霍知舟一怔,對着岳黎問,“你經常夜不歸宿?”
岳童,“關你什麽事?”
岳黎,“……”
岳黎懶得和岳童廢話,拎起他的耳朵吼着,“臭小子,你趕緊給我滾回去!”
“姐,疼疼疼,我的耳朵都要被你揪掉了。”
岳黎不理他,幾乎是将他半邊胳膊提了起來,拖着他走。
霍知舟在兩人身後,雙手插在褲子口袋,悠然自得地跟着他們走。
岳童回頭時見他還沒走,一雙大眼死死地瞪着他,沖着他惡狠狠地威脅,“我警告你,別再跟着我們,壞人!”
霍知舟偏生不走,好興致地晃蕩在兩人身後。
男孩氣急敗壞,“姐,快讓他走,他長得就不像是好人,我不喜歡他。”
岳黎回眸瞥了霍知舟一眼,頗為贊同地點頭,“是挺不像個好人的。”
霍知舟,“……”神他媽不是好人!他哪裏長得不像好人了?
三人路過一家小型超市,霍知舟想來想去還是決定讨好一下未來小舅子,不一會兒就蹿了進去,再出來時,他手裏提着的那兩個大袋子裏各色各樣的零食應接不暇。

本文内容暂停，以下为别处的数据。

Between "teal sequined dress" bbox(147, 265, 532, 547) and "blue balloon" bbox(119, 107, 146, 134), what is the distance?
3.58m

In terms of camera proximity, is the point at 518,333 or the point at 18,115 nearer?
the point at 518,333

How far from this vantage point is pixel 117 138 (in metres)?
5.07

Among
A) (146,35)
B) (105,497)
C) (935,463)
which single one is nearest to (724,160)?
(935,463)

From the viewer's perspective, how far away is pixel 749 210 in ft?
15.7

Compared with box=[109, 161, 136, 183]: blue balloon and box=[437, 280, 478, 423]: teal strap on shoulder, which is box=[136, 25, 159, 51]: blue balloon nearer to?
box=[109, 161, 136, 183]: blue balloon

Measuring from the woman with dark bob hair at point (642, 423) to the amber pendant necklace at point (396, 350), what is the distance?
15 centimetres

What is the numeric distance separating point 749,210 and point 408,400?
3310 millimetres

他快跑幾步跟上了兩人,清了清嗓子,用着他并不熟悉的口吻,帶着幾分讨好的意味,“咳咳……喂……小子,吃糖。”
他胡亂抓了一把,都塞到了對面男孩的手裏。
男孩蹙眉,嫌棄地開口,“我才不吃糖。”
霍知舟,“……”歷史啊,你總是驚人的相似啊。
這兩人不愧是姐弟,不喜歡吃的東西都一樣。
他也不氣惱,獻寶似地将手中的兩大袋零食舉過腰際,“沒關系,不喜歡吃糖還有別的選擇,你喜歡吃什麽直接過來拿吧。”

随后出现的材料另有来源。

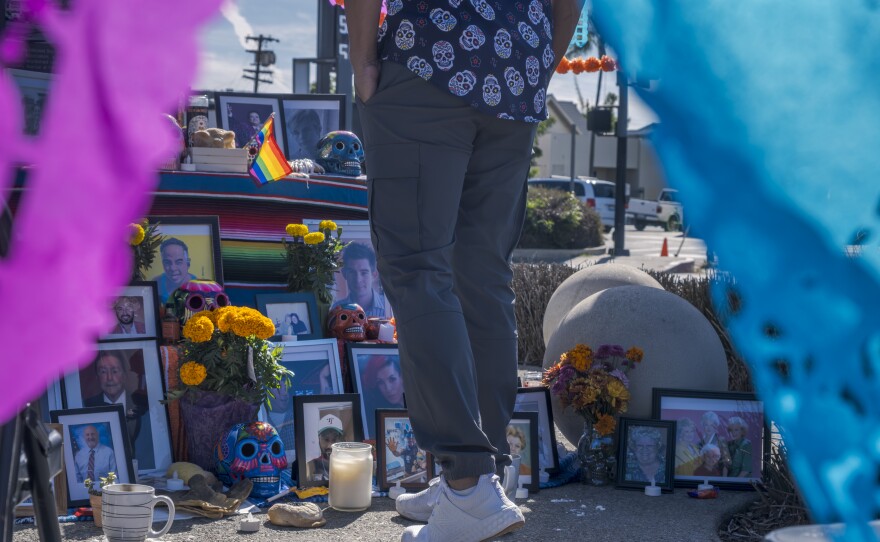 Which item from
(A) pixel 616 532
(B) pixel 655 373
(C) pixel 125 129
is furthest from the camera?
(B) pixel 655 373

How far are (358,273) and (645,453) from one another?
1.66m

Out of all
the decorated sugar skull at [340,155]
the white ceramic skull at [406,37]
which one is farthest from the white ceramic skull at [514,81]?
the decorated sugar skull at [340,155]

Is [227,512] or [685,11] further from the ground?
[685,11]

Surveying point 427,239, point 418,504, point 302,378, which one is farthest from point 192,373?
point 427,239

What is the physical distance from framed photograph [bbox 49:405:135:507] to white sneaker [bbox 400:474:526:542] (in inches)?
53.0

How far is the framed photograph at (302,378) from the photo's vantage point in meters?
3.93

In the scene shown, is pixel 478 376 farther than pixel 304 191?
No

岳童很是奇怪,歪着頭從下至上窺伺着自家的姐姐,右手輕微用力,扯了扯岳黎的袖口,她因着他的動作躬身向下,湊近了他,他壓低聲音在岳黎旁邊耳語,“姐,他為什麽要給我買這麽多吃的?”
岳黎瞥了霍知舟一眼,輕笑回應,“可能他有病吧。”
岳童恍然大悟,瞪大雙眼,一瞬不瞬地打量着他。
霍知舟被男孩這樣的眼神,惡寒得渾身一抖。
為什麽他會有種男孩看的不是他,而是看精神病人的錯覺?
岳黎牽着岳童的手憋着笑意,看着岳童那一步一回頭的好奇樣兒,還真把霍知舟當成了精神病。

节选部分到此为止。